4 Ways Apple's Services Business Crushed It in 2018

The last few months have offered a good reminder for Apple (NASDAQ: AAPL) investors: the iPhone remains the tech giant's bread and butter. The stock has tumbled recently on supply chain reports of slower iPhone sales and downgrades of Apple stock by analysts as the Street worries Apple's smartphone sales may disappoint. The stock has declined more than 22% since Oct. 1.

Of course, investors have good reason to expect the health of Apple's iPhone business to have a material impact on the company's overall results. iPhone accounted for 63% of Apple's trailing-12-month revenue. Fortunately, however, one fast-growing segment has become more important to the company: services. With potential headwinds ahead for Apple's iPhone business, some investors may be hoping services can help pick up the expected slack in the company's largest business segment.

Fortunately, Apple's services segment is seeing surprising momentum. Here are four ways it's thriving.

1. 24% revenue growth

Services revenue increased 24% year over year in Apple's fiscal 2018. This is an acceleration from 23% growth in fiscal 2017. In addition, fiscal 2018 services revenue growth was greater than 18% year-over-year growth in iPhone revenue during the same period, highlighting services' outsize momentum.

Growth in services revenue has been particularly strong recently, rising 27% year over year in the company's fiscal fourth quarter when excluding a favorable accounting adjustment in the year-ago period.

2. Growth in services is broad based

Growth in Apple's services business isn't just coming from one area.

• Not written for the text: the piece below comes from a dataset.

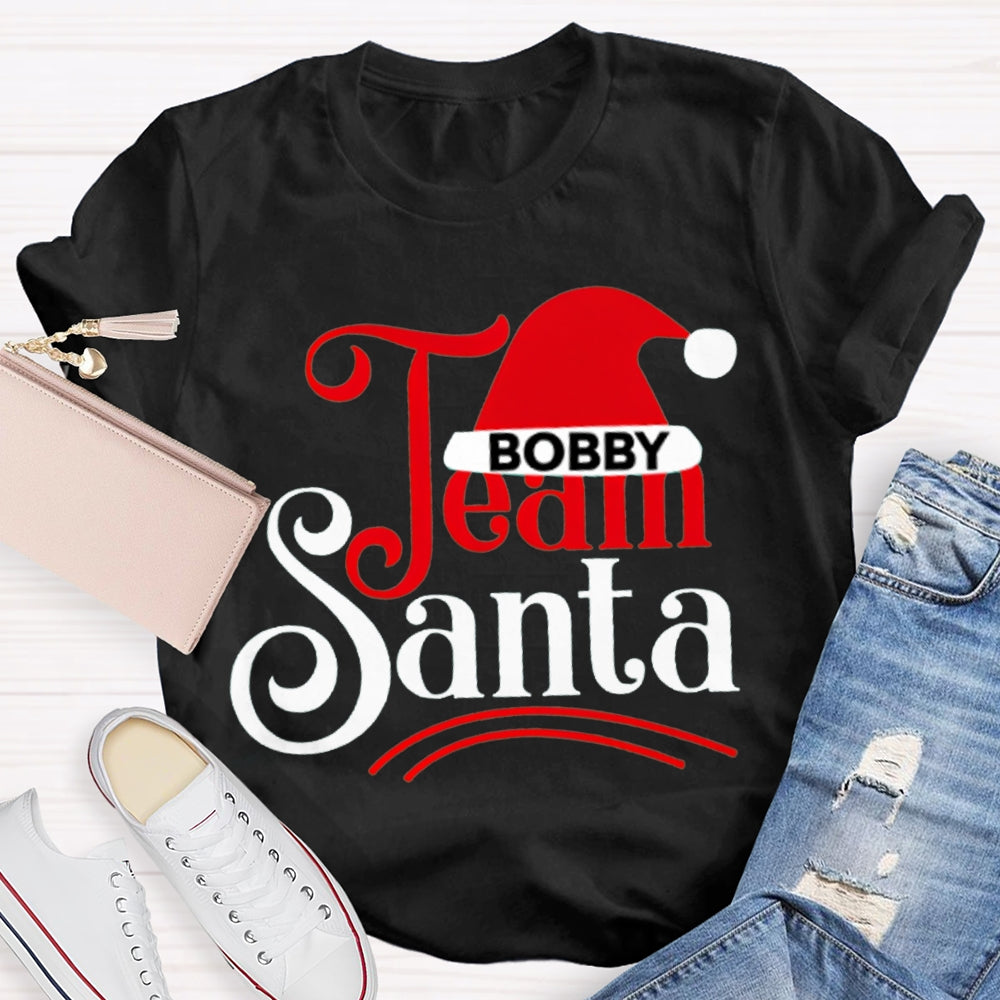 Personalized Team Name Team Santa Christmas Hat Christmas T-shirt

Instead, services momentum is broad based, explained Apple CEO Tim Cook in the company's fiscal fourth-quarter earnings call. "We set new Q4 records in all of our geographic segments and new all-time revenue records for the App Store, Cloud Services, AppleCare, Apple Music and Apple Pay," said Cook.

3. Paid subscriptions rose to 330 million

Playing a key role in services' strong growth is a huge increase in the number of subscriptions customers are paying for in Apple's App Store. Paid subscriptions jumped 57% year over year, from 210 million in fiscal 2017 to 330 million by the end of fiscal 2018.

4. 14% of total revenue

Capturing services' growing importance to Apple's business, the segment accounted for 14% of total revenue in fiscal 2018. This is up from 13% in fiscal 2017 and 11% in fiscal 2016.

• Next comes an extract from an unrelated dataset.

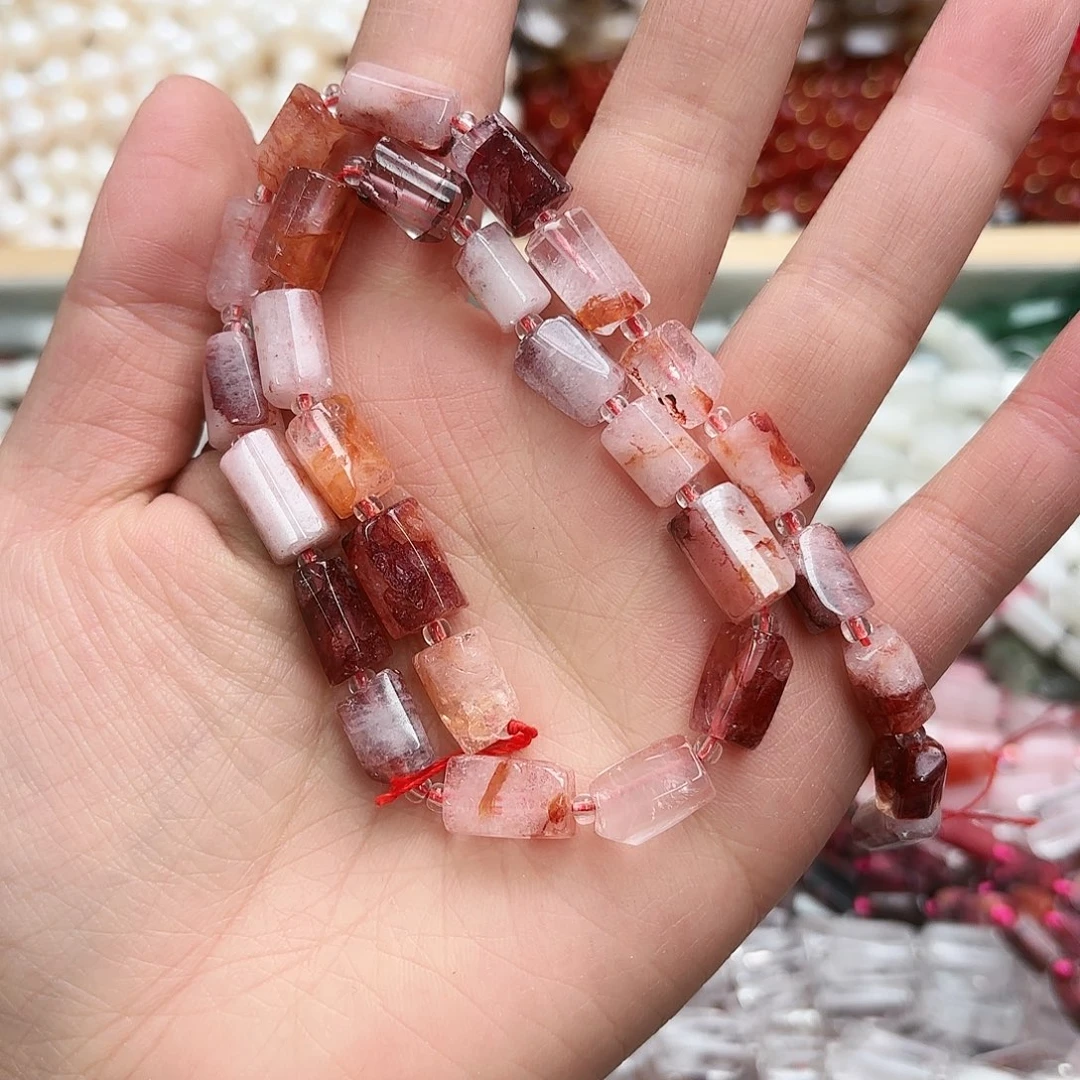 玛瑙/玉髓未镶嵌珠宝半成品红椒花柱子02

Services is easily Apple's second-largest segment, with iPhone ranking first and Mac ranking third. Mac accounted for 10% of Apple's fiscal 2018 revenue.

Since fiscal 2016, Apple has been aiming to double the size of its services business by fiscal 2020. With services revenue in fiscal 2016 at $24.3 billion, this target implies $48.6 billion in services revenue by fiscal 2020. Given Apple's $37 billion in fiscal 2018 services revenue and the segment's strong momentum, Apple CFO Luca Maestri said in the company's fiscal fourth-quarter earnings call that the company was "well on pace" to achieve this important goal.